Washington — Republicans face a problem as they try to defend a slim majority in the Senate and win races elsewhere: Insurgent primary candidates are trying to lay claim to President Donald Trump’s mantle, and knock out the establishment’s choices.

The latest case is in Nevada, where endangered GOP incumbent Sen. Dean Heller drew a challenge Tuesday from businessman and repeat failed candidate Danny Tarkanian, who announced his bid in an early morning Fox News Channel appearance seemingly aimed at an audience of one: the president himself.

“We’re never going to make America great again unless we have senators in office that fully support President Trump and his America-first agenda,” Tarkanian said.

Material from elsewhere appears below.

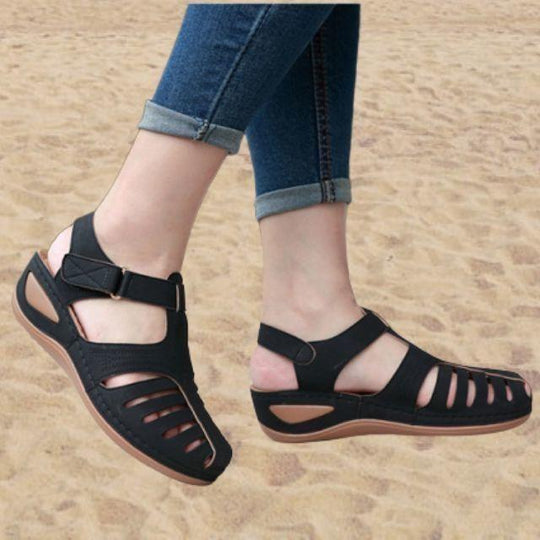 Ausgeschnittene Leder-Sandalen mit Knöchelriemen EB EB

Heller opposed early versions of Trump-backed health care legislation in the Senate before voting for a final version that failed anyway.

The National Republican Senatorial Committee, which is the official Senate GOP campaign arm, quickly announced its support for Heller, and a super PAC backed by Majority Leader Mitch McConnell, R-Ky., committed to spending what it takes to support him and other GOP incumbents.

The dynamic mirrors longstanding clashes between the GOP’s establishment and activist wings, which played out disastrously in 2010 and 2012 when hard-core conservatives won Senate primaries but went on to lose to Democrats. McConnell and his allies vowed never to let that happen again and have subsequently intervened in primaries when necessary to produce candidates who could win.

The X factor now is the appeal Trump may hold to Republican primary voters.

Heller is hardly alone.

Next door in Arizona, GOP incumbent Sen. Jeff Flake, another Trump skeptic during last year’s campaign, faces at least one challenge from the right in conservative Kelli Ward.

In each case, to their annoyance, establishment-aligned Republicans face the prospect of spending millions to protect an incumbent from a challenger who might have a tough time getting out of the general election. Republicans hold a 52-48 Senate majority and are playing offense against Democratic incumbents in 10 states Trump won.

A former GOP Senate campaign official with knowledge of the situation said the NRSC has sought help from the Trump White House on Senate races but those requests went unanswered under the leadership of Chief of Staff Reince Priebus, leading to widespread frustration. The former campaign official spoke on condition of anonymity to discuss internal party matters.

While Trump and Vice President Mike Pence have said they want to increase the Republican majorities in the House and Senate, the White House’s approach to contentious primaries isn’t clear yet.

As for Heller, he is already walking the Trump tightrope.

Heller’s initial denunciation of a Senate plan to repeal and replace Obamacare drew the ire of a political nonprofit promoting Trump’s agenda.